The use of the Price equation to support group selection was challenged by van Veelen in 2012, arguing that it is based on invalid mathematical assumptions.[59]

Richard Dawkins and other advocates of the gene-centered view of evolution remain unconvinced about group selection.[60][61][62] In particular, Dawkins suggests that group selection fails to make an appropriate distinction between replicators and vehicles.[63]

The psychologist Steven Pinker concluded that "group selection has no useful role to play in psychology or social science", as it "is not a precise implementation of the theory of natural selection, as it is, say, in genetic algorithms or artificial life simulations.

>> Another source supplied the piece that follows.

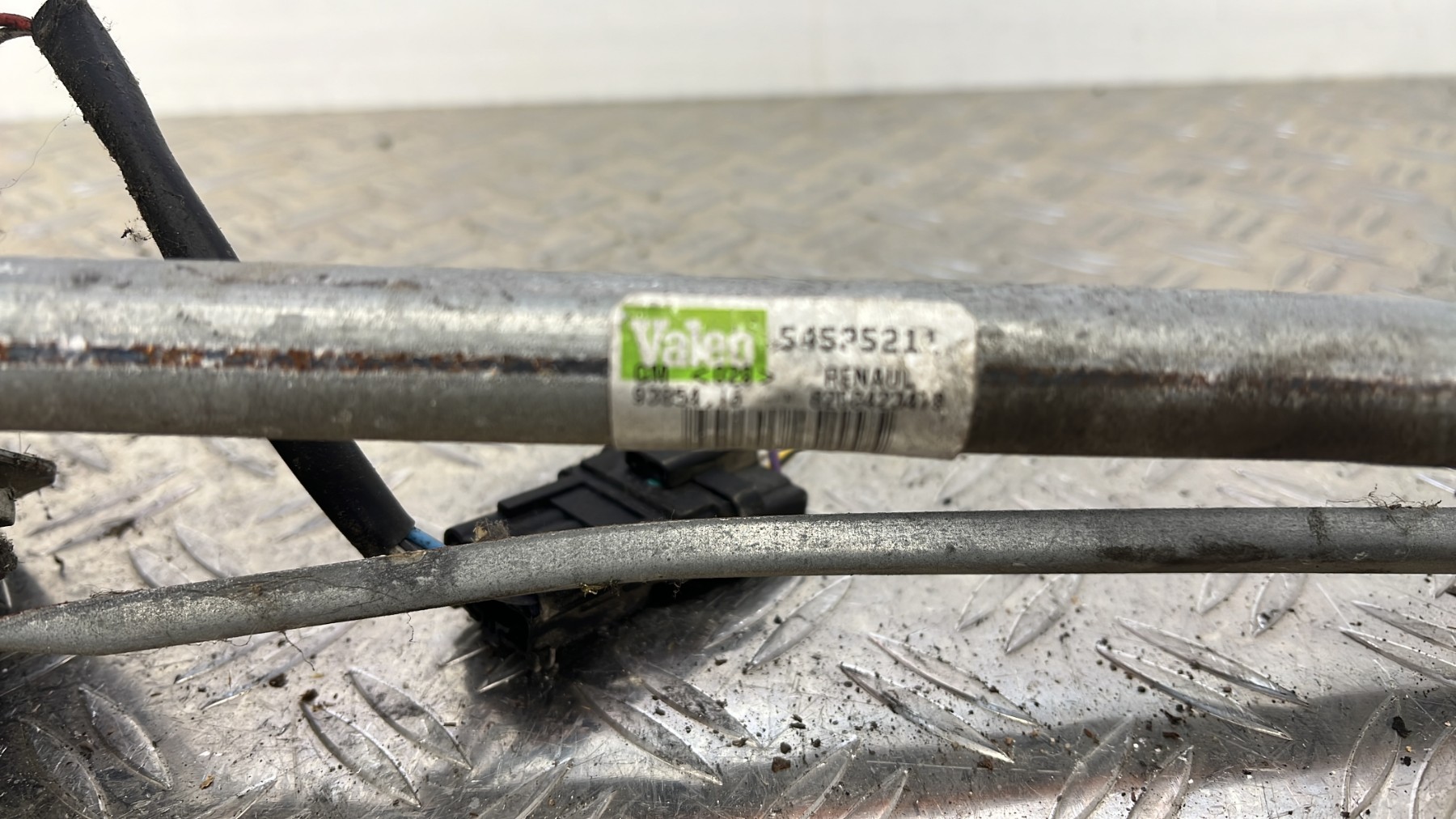 Moteur essuie glace avant RENAULT TRAFIC 2 PHASE 2 – 288003799R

Instead it is a loose metaphor, more like the struggle among kinds of tires or telephones."[3]

The evolutionary biologist Jerry Coyne summarized the arguments in The New York Times in non-technical terms as follows:[64]
Group selection isn't widely accepted by evolutionists for several reasons. First, it's not an efficient way to select for traits, like altruistic behavior, that are supposed to be detrimental to the individual but good for the group. Groups divide to form other groups much less often than organisms reproduce to form other organisms, so group selection for altruism would be unlikely to override the tendency of each group to quickly lose its altruists through natural selection favoring cheaters. Further, little evidence exists that selection on groups has promoted the evolution of any trait. Finally, other, more plausible evolutionary forces, like direct selection on individuals for reciprocal support, could have made humans prosocial. These reasons explain why only a few biologists, like [David Sloan] Wilson and E. O. Wilson (no relation), advocate group selection as the evolutionary source of cooperation.